Street’s teammates George McBride and Bob Ganley accompanied him for the catch attempt. When Street looked up at the top of the monument, he told them he got dizzy. Signals had been arranged to let Street know when the balls were tossed, but Ganley told Street to keep his head down until Ganley saw the ball. By then, the ball was probably about 50 feet away, but with Street’s experience with pop-ups, he was able to locate it when Ganley yelled.
Different newspaper accounts of the day estimated the force of the ball at between 200 and 300 pounds when it hit Street’s mitt less than five seconds after being dropped from the top. Street had his arms and mitt over his head to make the catch, much as catchers do today on foul pops.
“I didn’t see the ball until it was halfway down,” Street told reporters. “It was slanting in the wind and I knew it would be a hard catch.”According to one Washington newspaper, the gathered crowd said the ball hitting Street’s mitt sounded like a rifle shot.
“The ball I caught hit my mitt with terrific force, much greater than any pitched ball I have ever caught,” Street told the reporters. “Though my mitt is three or four inches thick, the force of the ball numbed my hand,” Joseph Wancko wrote in his SABR bio of Street, based on quotes in a Hall of Fame file newspaper clipping.
Any pain Street felt must not have lasted long.
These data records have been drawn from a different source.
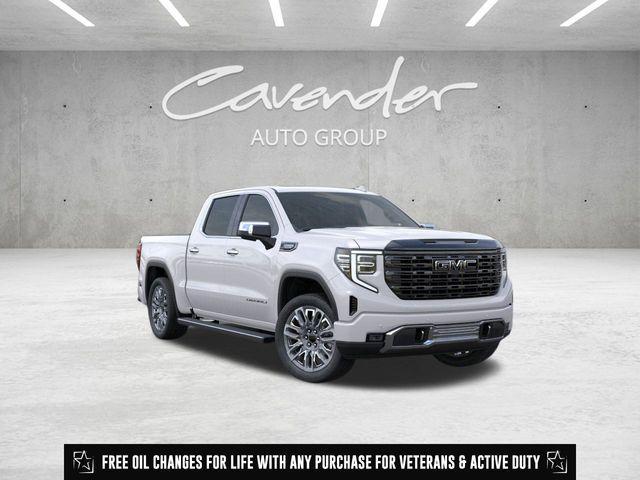 new 2025 GMC Sierra 1500 car, priced at $77,540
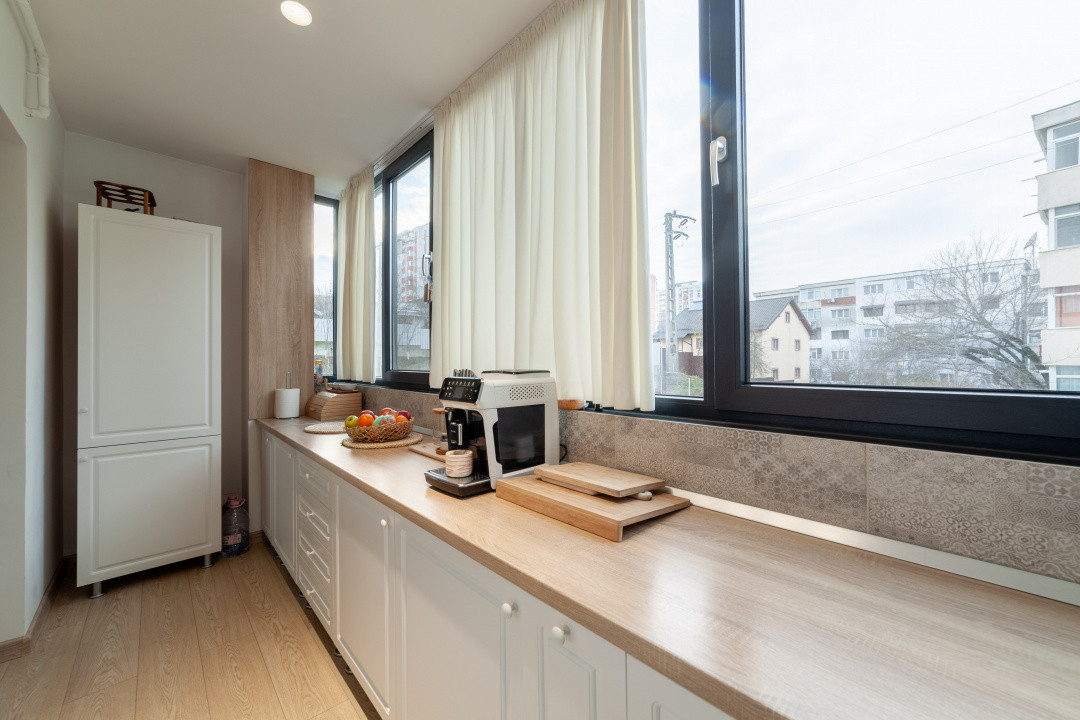 4 camere moderne în Găvana – etaj 1 - Bloc nou!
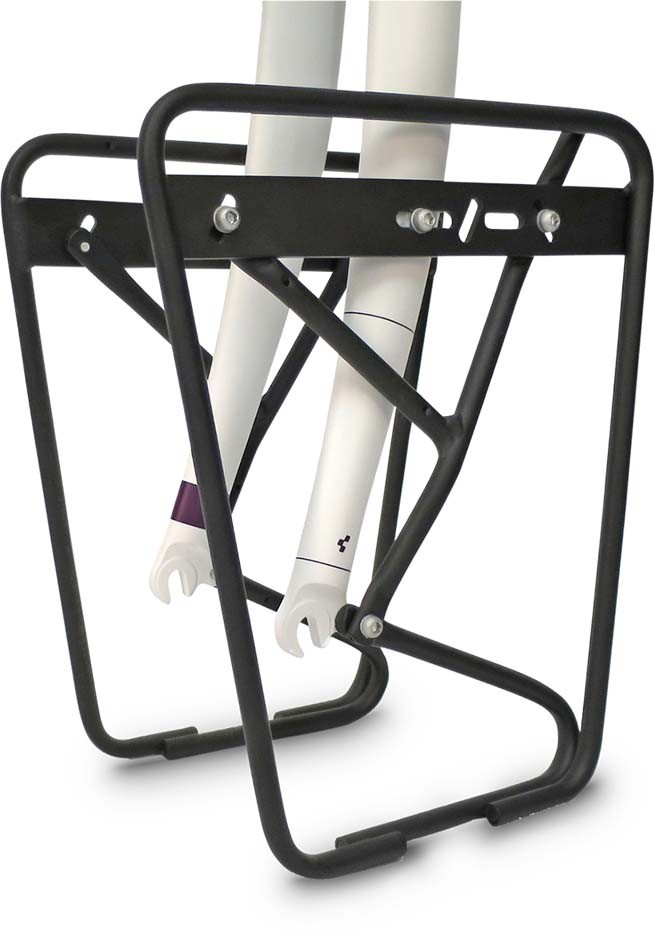 RFR Porte-bagages Lowrider STANDARD noir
Later that day, Street caught Johnson’s five-hit, 3-1, win over the Tigers.
Two years later – on August 24, 1910, Billy Sullivan of the White Sox, the American League’s premier defensive catcher, caught three baseballs thrown by pitcher Ed Walsh from the top of the monument, topping Street’s feat. According to Trey Strecker’s SABR bio of Sullivan, “Contemporary reports estimated that the balls sped at 161 feet per second toward Sullivan’s pancake mitt. Remarkably, despite gusty winds, Sullivan caught three of the 11 balls Walsh threw.”
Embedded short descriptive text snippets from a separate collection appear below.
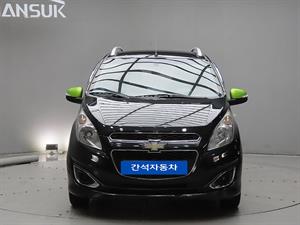 Chevrolet Spark - Vista 2
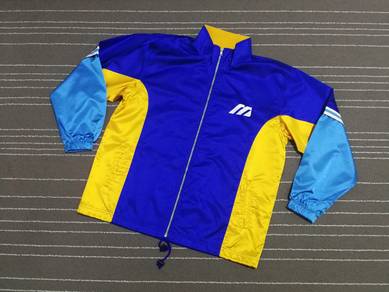 Vintage Mizuno deadstock tracktop XL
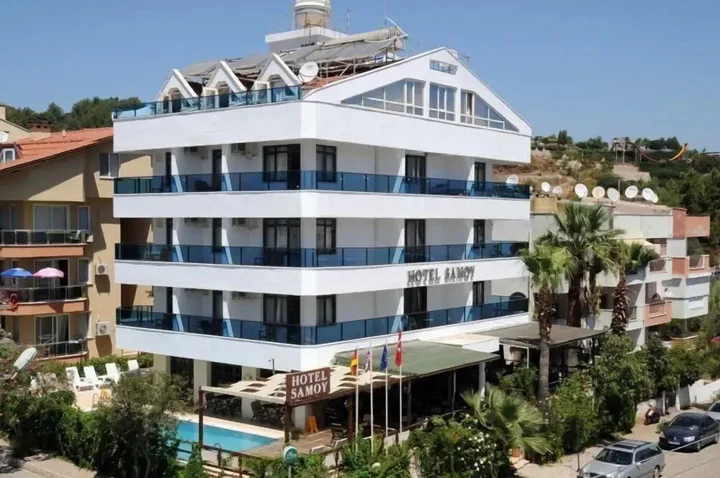 Мармарис: Samoy Hotel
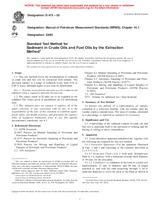 UNGÜLTIG ASTM D473-02 10.4.2002 Ansicht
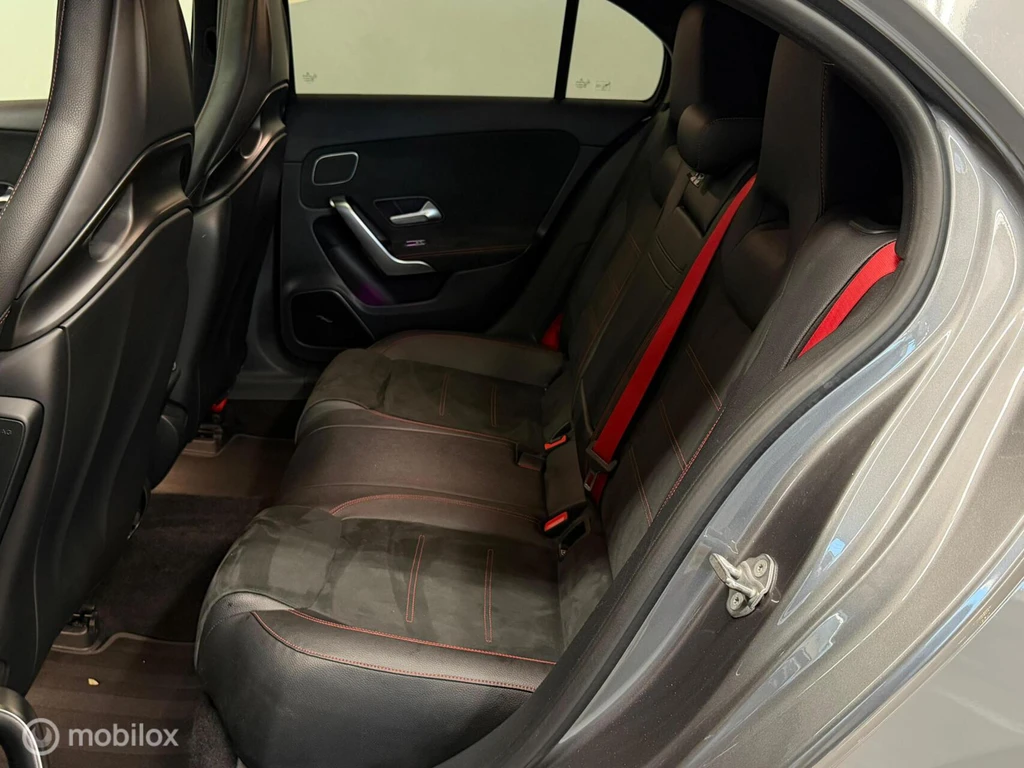 Mercedes-Benz A-Klasse – foto 15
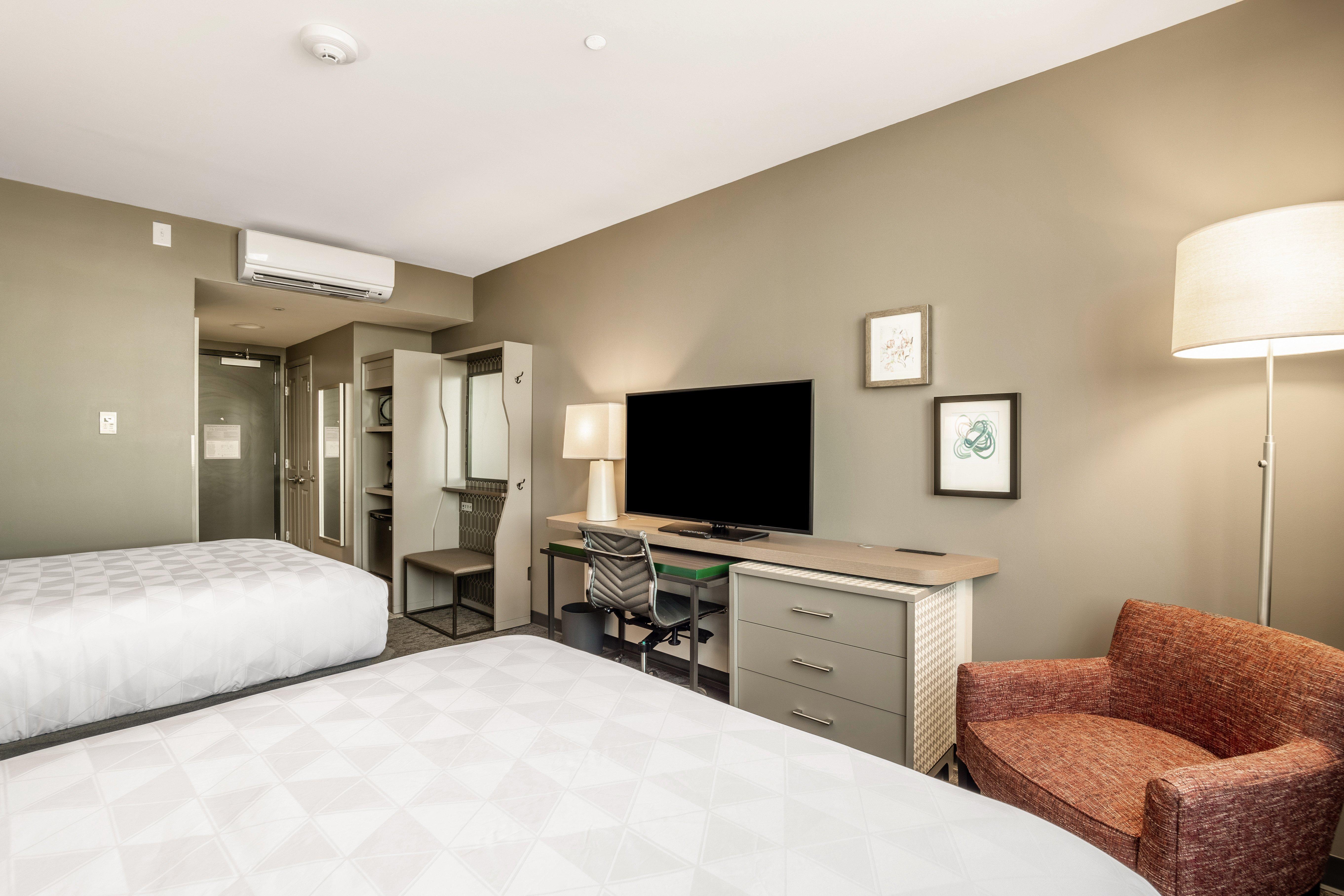 Holiday Inn Columbia - Downtown By Ihg Buitenkant foto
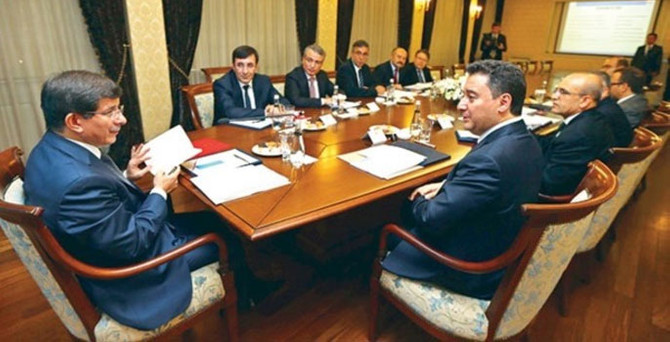 Hükümetten MB'ye destek açıklaması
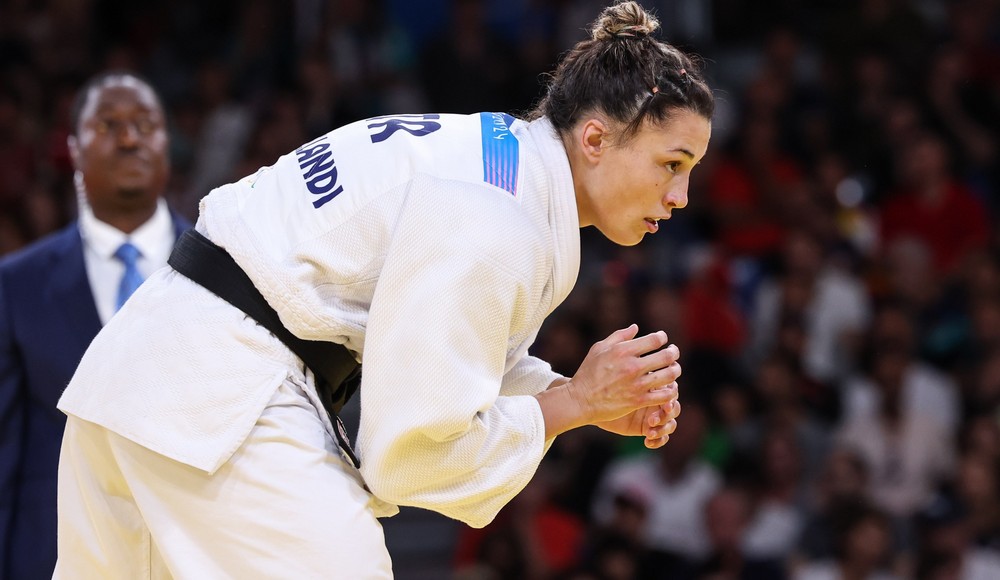 Al via i Mondiali di Budapest per 20 azzurri: debutto stagionale per l'olimpionica Alice Bellandi Al via i Mondiali di Budapest per 20 azzurri: debutto stagionale per l'olimpionica Alice Bellandi
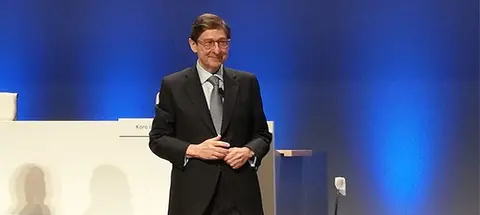  El presidente de CaixaBank, Jos&eacute; Ignacio Goirigolzarri. (Archivo) 
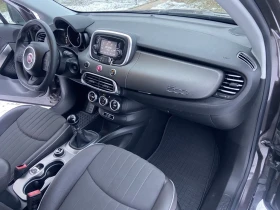 Fiat 500X 1.6i110P.s83000KmКАТО НОВ, снимка 9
Once Street and Sullivan proved it could be done, no other publicized – or legally sanctioned – attempts were made to catch balls thrown from the top of the monument. After two suicides of people jumping from the windows in 1920s, bars were installed on them in 1929. Later, the thin marble shutters were replaced with windows that are kept closed.
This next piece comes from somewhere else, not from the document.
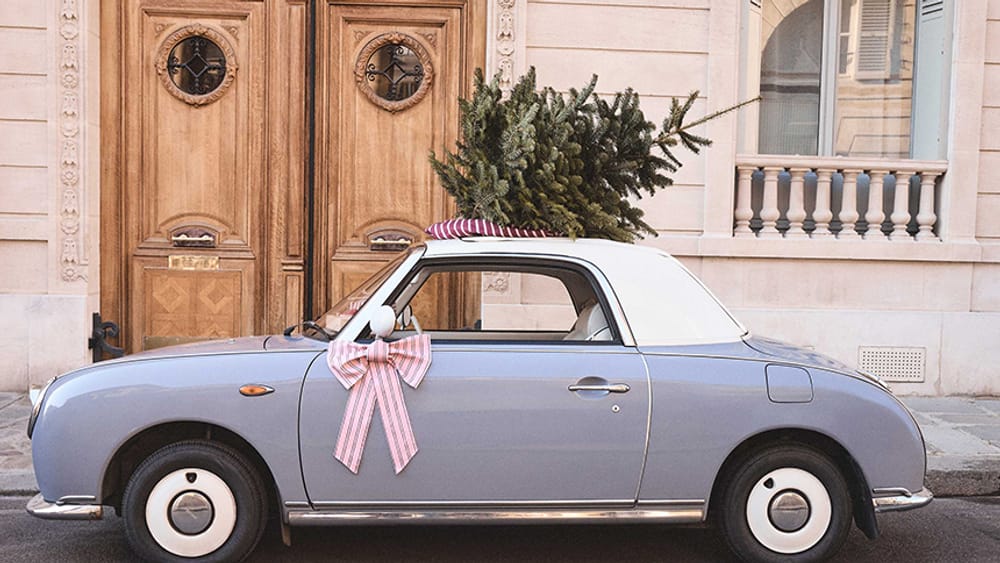 The Christmas Universe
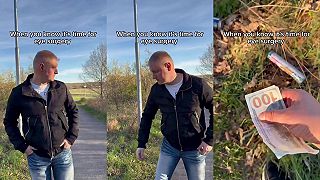 video Moment, keď zistíš, že už potrebuješ okuliare alebo operáciu očí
Street wasn’t much of a hitter, although he gained a reputation for defense and for being able to handle Johnson’s fastballs. He hit .208 in the majors before retiring during the 1912 season. Griffith, in his first year with Washington, had traded him to the New York Highlanders.
After several seasons in the minors, Street enlisted in the Army as soon as America entered World War I. He saw combat in France, sustained a bullet wound and received a Purple Heart.
Back in the states, he began managing and was hired as the skipper of the Cardinals in 1929. He led them to National League pennants in 1930 and 1931. In the World Series, the Cards lost to the Philadelphia Athletics in ’30, but beat them in ’31.
After his managing days, Street, who made his home in Joplin, Missouri, became a radio broadcaster, first for the Cardinals and then for the St. Louis Browns. He helped young Harry Carey begin his Hall-of-Fame broadcasting career. A street in Joplin is named Gabby Street Boulevard.